Posts Tagged ‘memoir’

  • Welcome New Subscribers

    Date: 2019.07.17 | Category: Assignments | Response: 0

    Welcome New Subscribers!

    A brief introduction.

    The “Love Imagined” blog is thanks to my publisher, LHP.  Its main focus is writing.  I am an author, literary editor, teacher, and mentor. My interests include:  identity, particularly mixed-race identity; autism; the 70’s (not the decade, but the numeric age that I am); and, of course, writing and all its particulars.

    My books include:

    And You Can Love Me a story for everyone who loves someone with ASD (a picture book for children and adults)

    How Dare We!
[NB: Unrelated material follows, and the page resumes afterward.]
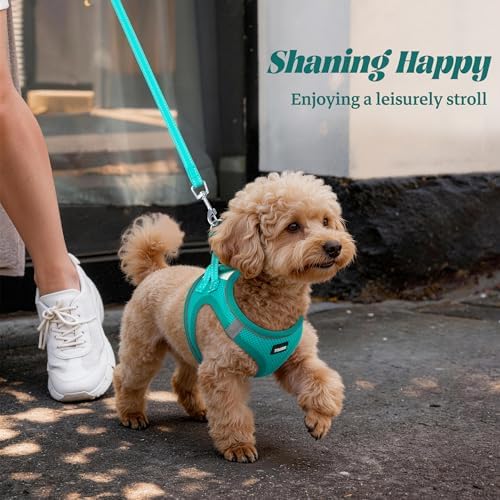 No Pull Dog Puppy Harness and Leash Set Reflective Mesh Vest Small - Image 5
Write a multicultural creative writing discourse

    Love Imagined a mixed race memoir

    Sherry Quan Lee

  • Oh So Wild and Oh So Beautiful

    Date: 2018.12.27 | Category: The Art of Writing | Response: 0

    What’s it like to be seventy?  2018, for me, was a year of introspection.  Check out my thoughts on Midwest Mixed:

    https://www.midwestmixed.com/community/midwest-mixed-community-spotlight-sherry-quan-lee

     

  • 10 minute writing assignment: revised twice

    Date: 2015.06.11 | Category: Assignments | Response: 0

    I enjoy re-visioning (not editing). It’s fascinating to see where a poem will lead you, if you let it. It helps to play with words, with sounds, with punctuation: change happens. The following poem changed meaning from the draft to the second revision: suddenly the grandmother was no longer thinking about kisses from former lovers, but from her mother-did her mother kiss her, did she kiss her mother-these thoughts triggered by the way her grandson, who has autism, kisses her by not physically kissing her, but by her kissing him.

    This poem is far from completion.

    Any comments about your process of revision welcomed.

    Give Grandma a Kiss
    for Ethan

    I always wear mauve lipstick, give
    Grandma a kiss

    he leans in, all 2 1/2 years of him,
    knowing more than I know
    after 67 years not knowing
    if my mother kissed me.

    He leans in without hesitation,
    silent, vulnerable.
    I mark his tender forehead with a temporary
    tattoo: my kiss his kiss. Like no kiss
    I can remember.

    give grandma a kiss

    His heart organic, knowing what it is
    to hold breath a millisecond; a mime
    needing to be understood.

    give grandma a kiss

    Grandma wants to see underneath
    his innocence, to reach what she lost;
    she was a girl afraid to speak.

    give grandma a kiss

    Later, my daughter-in-law, the nurse,
    questions what she thinks is a scratch
    on his forehead;
    how has he hurt himself this time?

    The hurt is mine. The gift: unwrapped,
    visible, transparent.

    ©Sherry Lee
    June 11, 2015
    Second revision

    Give Grandma a Kiss
    for Ethan

    I always wear mauve lipstick, give
    Grandma a kiss—

    He leans in, all seven years of him, knowing
    more than I know
    after 67 years, and thousands of kisses.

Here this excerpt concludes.